__Description of the task__: Transcribe the entries below word for word, beginning at the line with "dia de aplicação" and stopping after the line with "Ivan Fuentes: Elegant Dachshund Woodcarving"; drop all pictures.

__Source information__:
§

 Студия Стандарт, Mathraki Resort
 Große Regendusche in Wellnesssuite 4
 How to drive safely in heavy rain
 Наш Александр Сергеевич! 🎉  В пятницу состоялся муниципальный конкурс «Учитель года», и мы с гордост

§

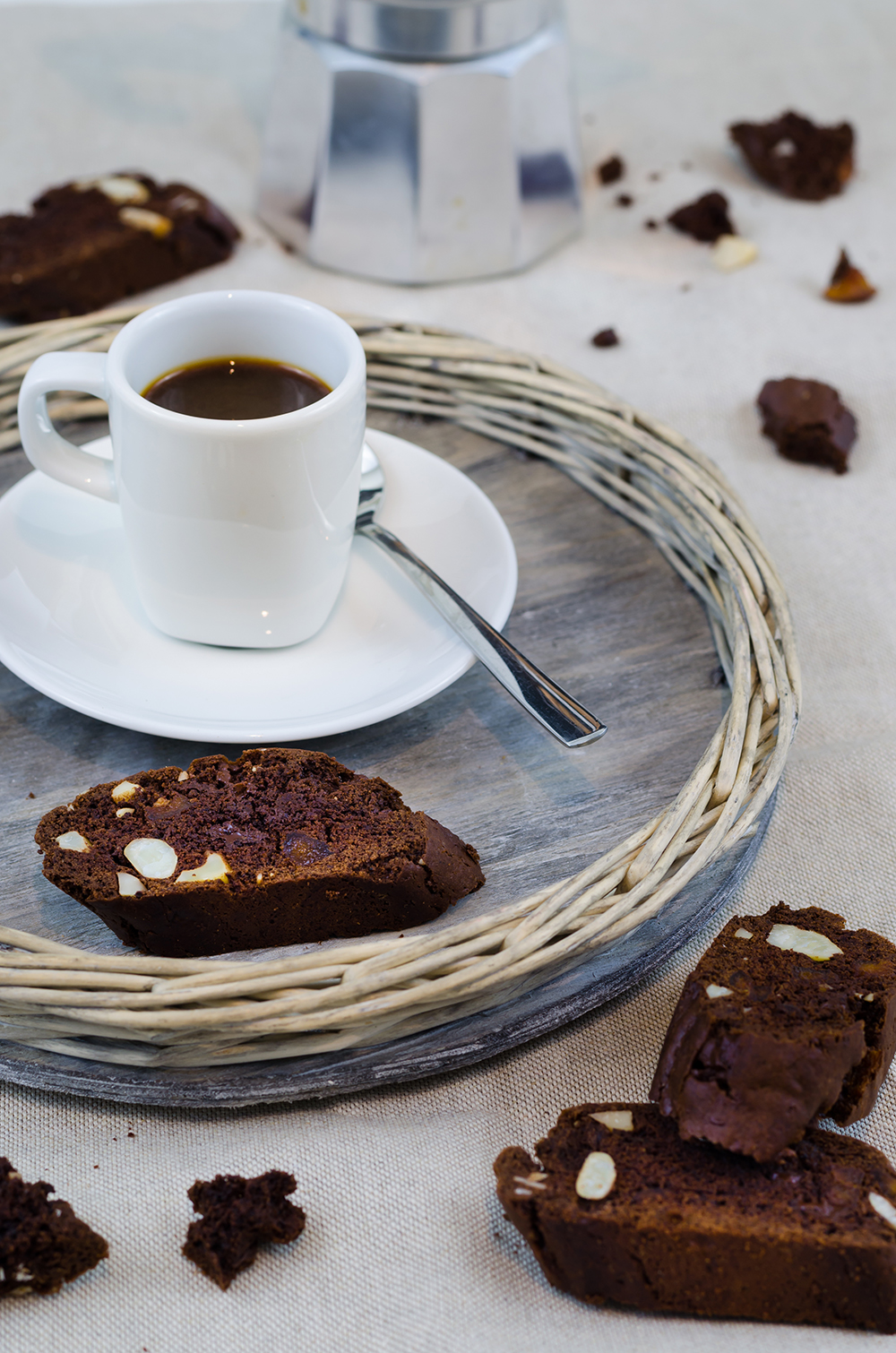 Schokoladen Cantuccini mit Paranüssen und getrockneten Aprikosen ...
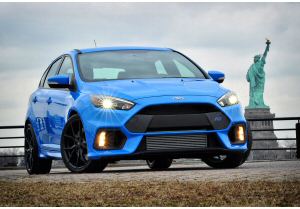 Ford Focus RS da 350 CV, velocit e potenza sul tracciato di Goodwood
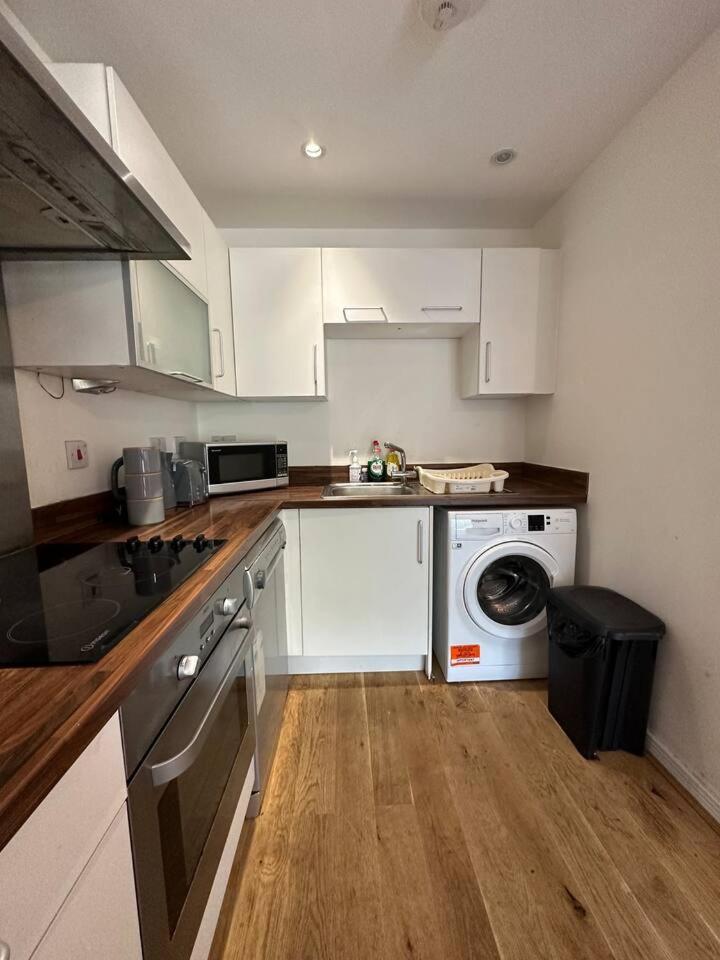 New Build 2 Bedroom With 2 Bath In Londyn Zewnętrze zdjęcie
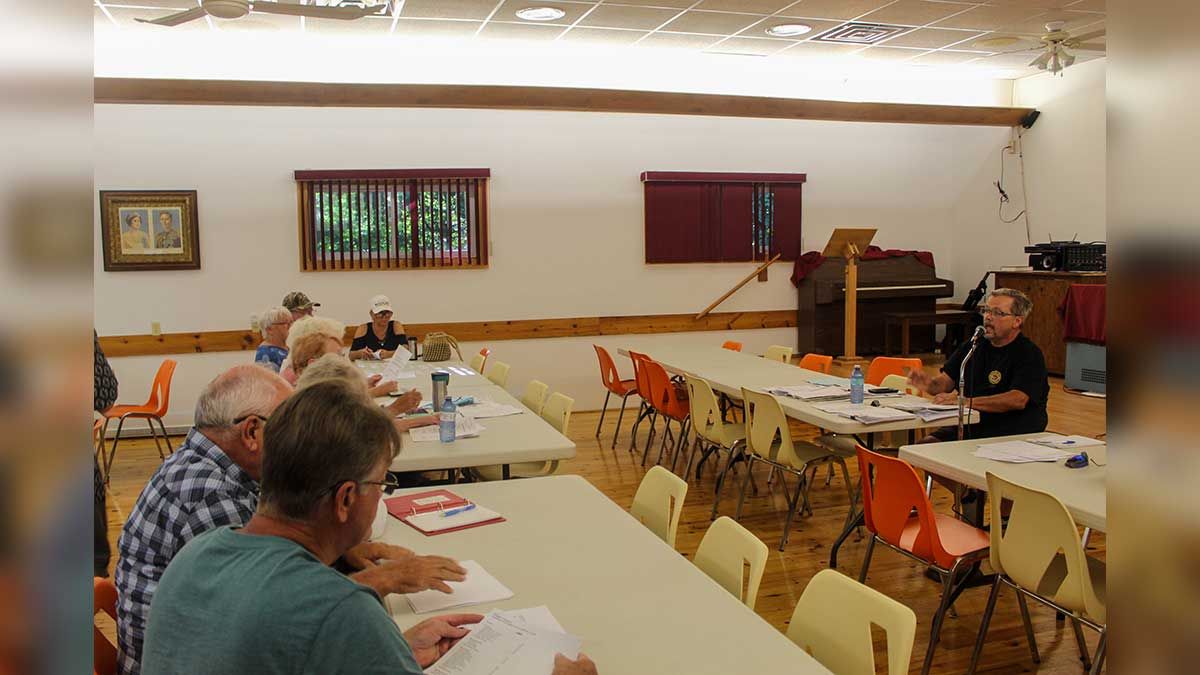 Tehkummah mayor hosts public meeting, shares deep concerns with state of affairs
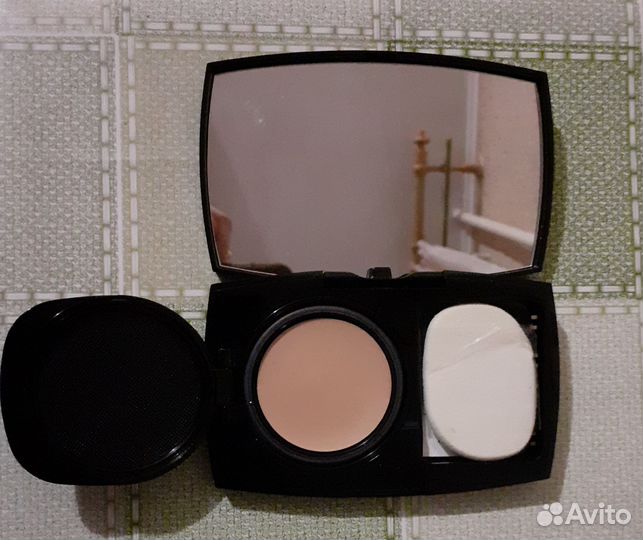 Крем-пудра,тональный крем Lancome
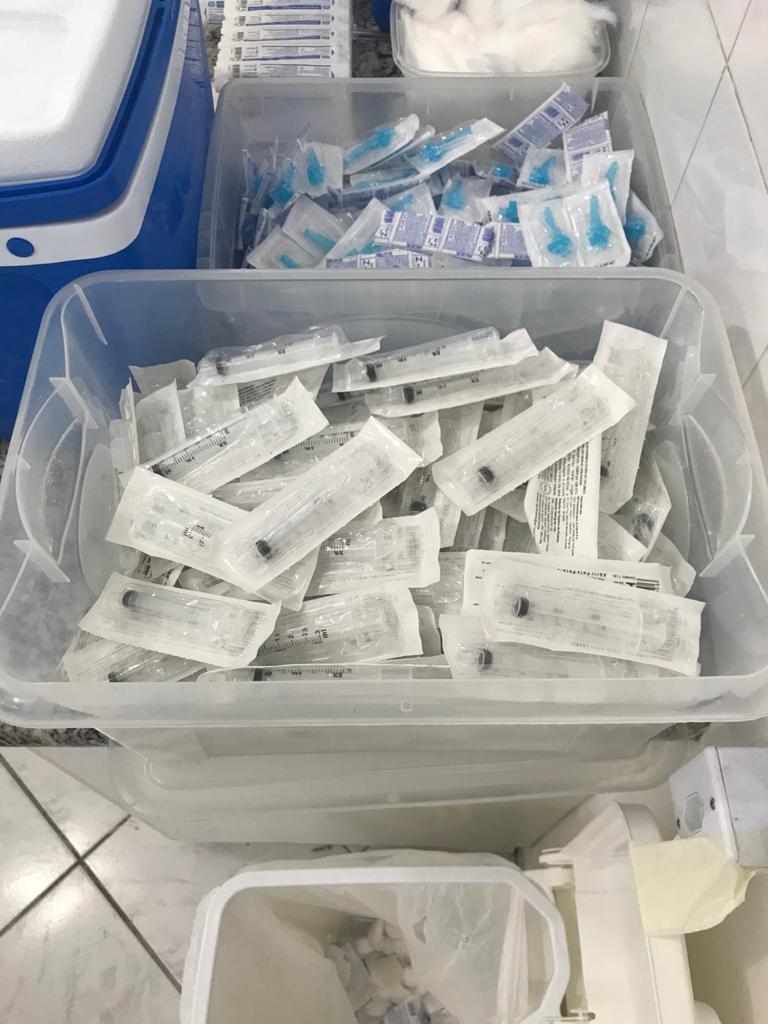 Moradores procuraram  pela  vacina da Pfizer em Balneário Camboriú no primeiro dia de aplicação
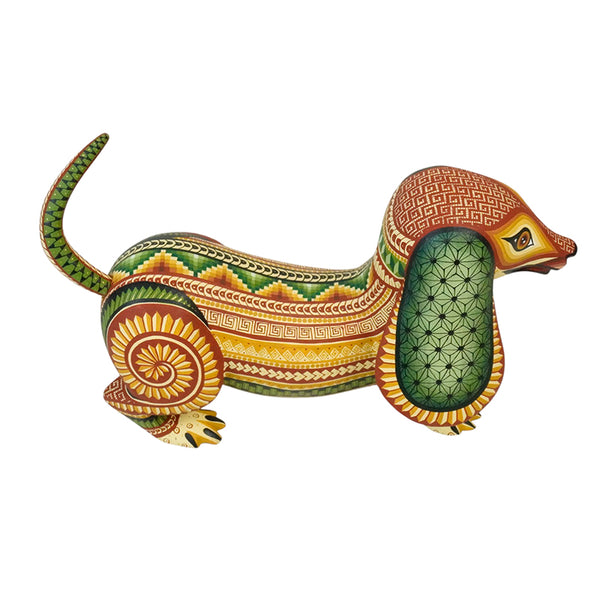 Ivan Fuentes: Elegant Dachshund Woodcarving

§

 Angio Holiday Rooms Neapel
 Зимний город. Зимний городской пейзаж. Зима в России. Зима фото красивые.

§

__Written response__:
 Moradores procuraram  pela  vacina da Pfizer em Balneário Camboriú no primeiro dia de aplicação
 Ivan Fuentes: Elegant Dachshund Woodcarving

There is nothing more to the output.